== Assignment ==
Look through the records below, and copy out every line that holds the string "Blue".

== Given records ==

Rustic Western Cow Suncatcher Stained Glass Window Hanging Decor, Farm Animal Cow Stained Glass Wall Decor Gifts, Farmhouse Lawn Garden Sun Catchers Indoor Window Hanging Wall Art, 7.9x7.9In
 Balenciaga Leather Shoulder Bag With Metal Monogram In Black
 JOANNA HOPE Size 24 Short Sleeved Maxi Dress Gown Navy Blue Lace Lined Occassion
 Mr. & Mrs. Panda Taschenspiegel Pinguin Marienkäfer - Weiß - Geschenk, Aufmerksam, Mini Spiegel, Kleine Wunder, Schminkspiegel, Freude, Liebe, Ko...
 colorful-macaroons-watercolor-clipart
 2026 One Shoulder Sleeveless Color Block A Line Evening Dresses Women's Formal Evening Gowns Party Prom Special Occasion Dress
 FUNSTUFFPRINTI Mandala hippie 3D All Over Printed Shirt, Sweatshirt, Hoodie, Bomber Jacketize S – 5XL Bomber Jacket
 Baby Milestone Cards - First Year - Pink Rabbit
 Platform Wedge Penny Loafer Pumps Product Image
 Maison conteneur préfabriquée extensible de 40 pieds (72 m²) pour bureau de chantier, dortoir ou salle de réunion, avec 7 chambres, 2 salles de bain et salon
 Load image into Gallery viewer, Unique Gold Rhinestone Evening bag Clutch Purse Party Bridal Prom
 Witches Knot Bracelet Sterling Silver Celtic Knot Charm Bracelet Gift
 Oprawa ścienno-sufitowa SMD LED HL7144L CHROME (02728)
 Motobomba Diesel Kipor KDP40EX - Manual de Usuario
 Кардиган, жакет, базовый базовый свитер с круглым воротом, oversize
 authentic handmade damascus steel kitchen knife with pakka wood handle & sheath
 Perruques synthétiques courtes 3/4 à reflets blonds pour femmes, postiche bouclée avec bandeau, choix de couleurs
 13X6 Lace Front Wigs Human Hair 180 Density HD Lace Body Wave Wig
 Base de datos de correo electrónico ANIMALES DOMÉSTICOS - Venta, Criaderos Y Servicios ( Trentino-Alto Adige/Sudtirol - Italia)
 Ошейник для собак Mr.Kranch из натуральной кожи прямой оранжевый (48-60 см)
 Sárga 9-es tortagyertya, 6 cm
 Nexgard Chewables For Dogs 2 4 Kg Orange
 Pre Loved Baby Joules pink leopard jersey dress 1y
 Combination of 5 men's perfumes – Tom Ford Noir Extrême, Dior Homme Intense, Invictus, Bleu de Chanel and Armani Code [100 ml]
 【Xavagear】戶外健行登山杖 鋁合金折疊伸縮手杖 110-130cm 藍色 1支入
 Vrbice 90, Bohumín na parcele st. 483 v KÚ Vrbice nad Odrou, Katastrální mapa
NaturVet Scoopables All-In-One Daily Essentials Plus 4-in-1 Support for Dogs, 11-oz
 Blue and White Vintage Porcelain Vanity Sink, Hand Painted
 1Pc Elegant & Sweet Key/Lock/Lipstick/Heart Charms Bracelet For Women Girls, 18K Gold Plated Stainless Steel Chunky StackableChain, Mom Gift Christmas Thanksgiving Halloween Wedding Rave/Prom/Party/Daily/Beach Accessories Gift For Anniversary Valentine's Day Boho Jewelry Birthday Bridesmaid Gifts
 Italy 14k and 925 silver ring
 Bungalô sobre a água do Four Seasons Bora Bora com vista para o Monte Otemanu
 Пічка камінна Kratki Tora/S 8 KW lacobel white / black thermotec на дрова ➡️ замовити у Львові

== Solution to this problem ==
 JOANNA HOPE Size 24 Short Sleeved Maxi Dress Gown Navy Blue Lace Lined Occassion
 Blue and White Vintage Porcelain Vanity Sink, Hand Painted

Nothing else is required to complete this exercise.